Photos, Videos & Music

By default there are no folders on the TouchPad's media partition for photos, videos and music. It's up to the end user to create and maintain your own folder structure. You don't have to, but it does make things easier - particularly when it comes to photos. Note that there is a DCIM folder for pictures captured with the TouchPad's sole front facing camera, although there is no standalone camera app.

Any compatible file types found on the media partition will automatically appear in the Photos & Videos application. While you can create albums on the TouchPad itself, webOS treats each folder of photos as a separate album by default. The Photos app does integrate your profile pictures and other Facebook albums if you've given webOS your FB login information.

There are no fancy UI transitions or anything when viewing photos, you just get a pretty standard touchscreen photo viewing experience.

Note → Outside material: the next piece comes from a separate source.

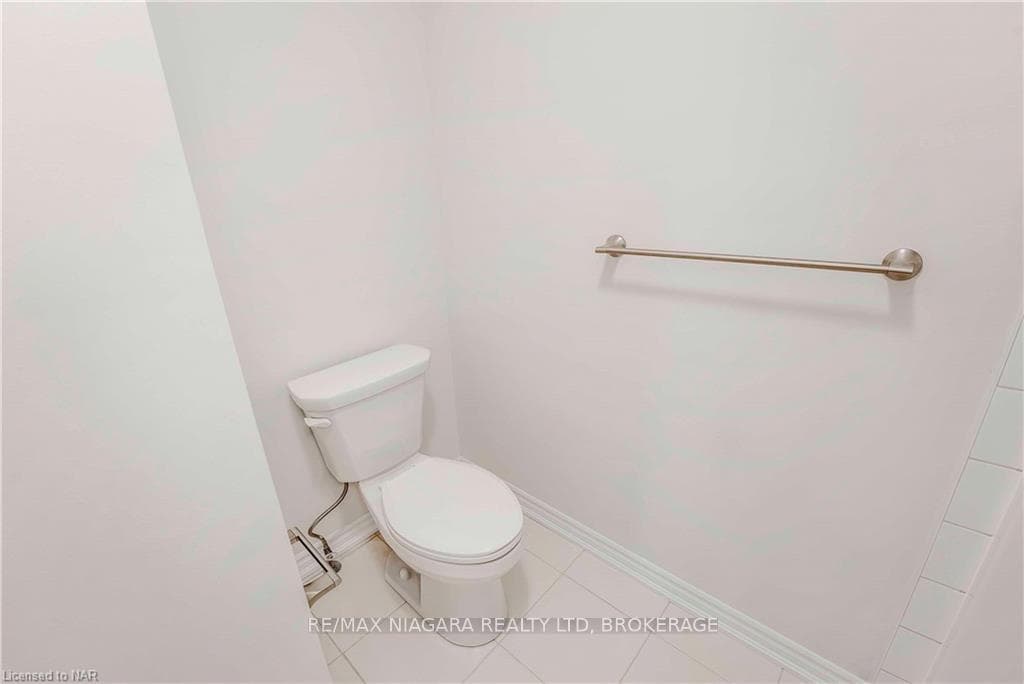 5672 DORCHESTER Road Unit 57 photo 25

The TouchPad supports H.264 movies encoded in High Profile at up to 10Mbps without issue, higher bitrates are possible as well depending on the content and settings. MKV containers aren't supported but .mp4 is. Don't get too excited about the high bitrate support however, the TouchPad's video player app has a disappointing 2GB file size limitation currently in place. While the VFAT file system on the media partition in the TouchPad supports up to 4GB files, I couldn't get any video larger than 2GB to actually play in the app - regardless of bitrate or encode quality. I'm hoping this is a bug that gets addressed soon otherwise there's a lot of wasted hardware potential inside the TouchPad.

Video playback controls are pretty standard. You can view movies in their standard aspect ratio or stretch to fit in the TouchPad's 4:3 ratio.

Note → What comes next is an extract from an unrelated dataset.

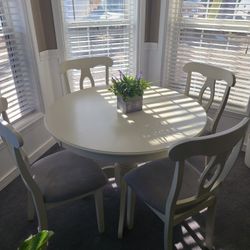 Suoer Cute 5 Piece Dining Table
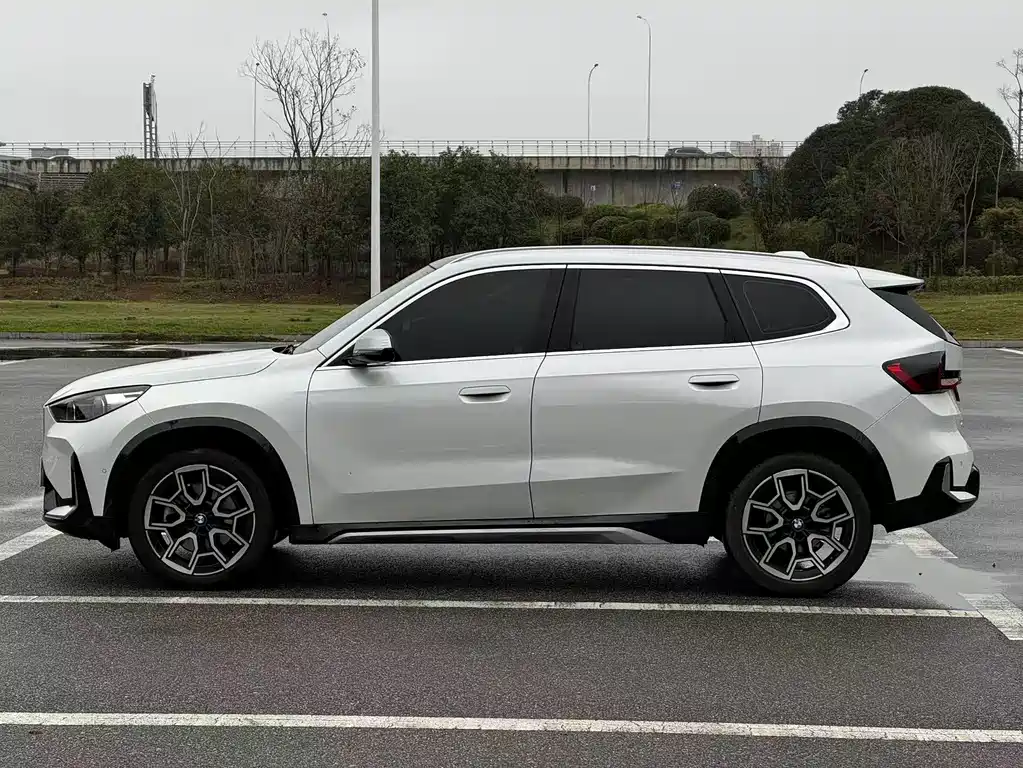 BMW BMW X1 2023 sDrive25Li X Design Package 2024 - thumbnail 2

The Music player app is similarly run of the mill. What sets the TouchPad apart in media playback however are its speakers. By no means are these great speakers, but they are the best I've heard on a tablet and arguably better than a lot of ultra portable notebooks/netbooks. While the Beats by Dre sound processing may not sound great to everyone, the implementation on the TouchPad delivers music that actually has some bass to it and doesn't sound tinny. The TouchPad even gets loud enough to keep you company while in the shower. Overall I'm very pleased with the music playback experience on the TouchPad, I only wish it had Google Music support.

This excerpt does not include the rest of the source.